Ad5 vaccination is superior to DNA vaccination
In the context of robust transgene expression following i.m., rather than i.d., DNA delivery (Fig. 1), we compared the immunogenicity of i.m. and i.d. vaccinations (Fig. 2A). The i.m. DNA vaccination with the syngeneic mouse colorectal cancer Ag GUCY2C produced systemic GUCY2C-specific CD8+ T cell responses, as quantified by ELISPOT, that were >10-fold greater than i.d. immunization (Fig. 2A), consistent with greater transgene expression in muscle (Fig. 1). However, adenoviral vector immunization against GUCY2C (Ad5) produced GUCY2C-specific CD8+ T cell responses that were >10-fold greater than those produced by i.m. DNA vaccination (Fig. 2B). Moreover, Ad5 vaccination produced an 18-fold increase in the median survival time of mice with GUCY2C-expressing colorectal cancer metastases in lung compared with DNA vaccination (Fig. 2C). Moreover, repeated administrations of DNA vaccination failed to improve GUCY2C-specific CD8+ T cell responses (Supplemental Fig. 1). Taken together, i.m. DNA vaccination produces GUCY2C-specific CD8+ T cell responses and antitumor responses, but those are not comparable to Ad5 vaccination, suggesting that DNA vaccination alone is not a viable strategy for GUCY2C-directed tumor immunotherapy.

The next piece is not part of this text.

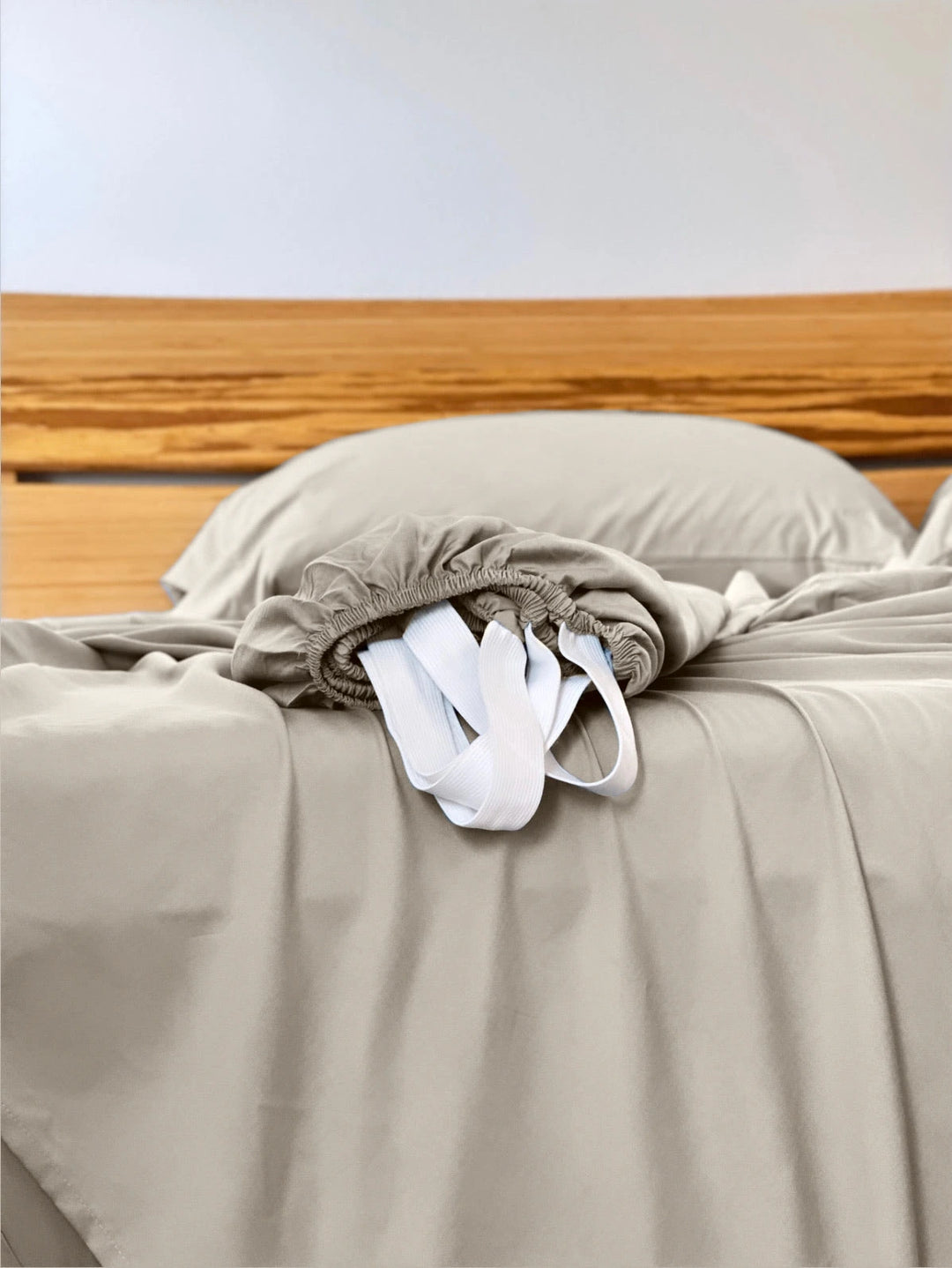 Summer Sand copper-infused bamboo fitted sheet — corner detail showing the elastic hem and reinforced corner straps for a secure fit.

Heterologous DNA+Ad5 prime-boost enhances CD8+ T cell avidity and antitumor immunity
Although GUCY2C-specific DNA vaccination alone was poorly immunogenic, we hypothesized that it could be combined with Ad5 in prime-boost regimens to improve antitumor immunity. To maximize GUCY2C-specific immune responses and antitumor immunity, different heterologous prime-boost strategies were explored. Combining GUCY2C-specific DNA and Ad5 vaccinations in either order (DNA+Ad5 or Ad5+DNA) increased the survival of mice with GUCY2C-expressing CT26 colorectal cancer metastases (Fig. 3A). Although both heterologous prime-boost strategies improved median survival time compared with Ad5 alone (43.5 d), DNA+Ad5 was superior to Ad5+DNA (111 versus 77.5 d, p < 0.05) and produced GUCY2C-specific memory responses in surviving mice (Supplemental Fig. 2). A truncated version of the DNA+Ad5 regimen (no chemokines; 7 d between boosting) also extended survival in a therapeutic setting when combined with local radiotherapy (Supplemental Fig. 3). Examination of GUCY2C-specific CD8+ T cell responses, as quantified by T cell number (ELISPOT; Fig. 3B) and polyfunctional cytokine production (Fig. 3C), revealed modest increases with DNA+Ad5 immunization but no increase with Ad5+DNA immunization. However, the functional TCR avidity of GUCY2C-specific CD8+ T cell responses (Fig. 3D) induced by DNA+Ad5 (0.30 μg/ml) and Ad5+DNA (0.82 μg/ml) were substantially increased compared with Ad5 immunization alone (1.92 μg/ml). Importantly, GUCY2C-specific CD8+ T cell numbers (Fig. 3B), polyfunctional cytokine responses (Fig. 3C), TCR avidity (Fig. 3D), and antitumor efficacy (Fig. 3A) were not improved by homologous Ad5 prime-boost (Ad5+Ad5) compared with Ad5 alone, confirming the role of heterologous prime-boosting in GUCY2C-specific CD8+ T cell enhancement.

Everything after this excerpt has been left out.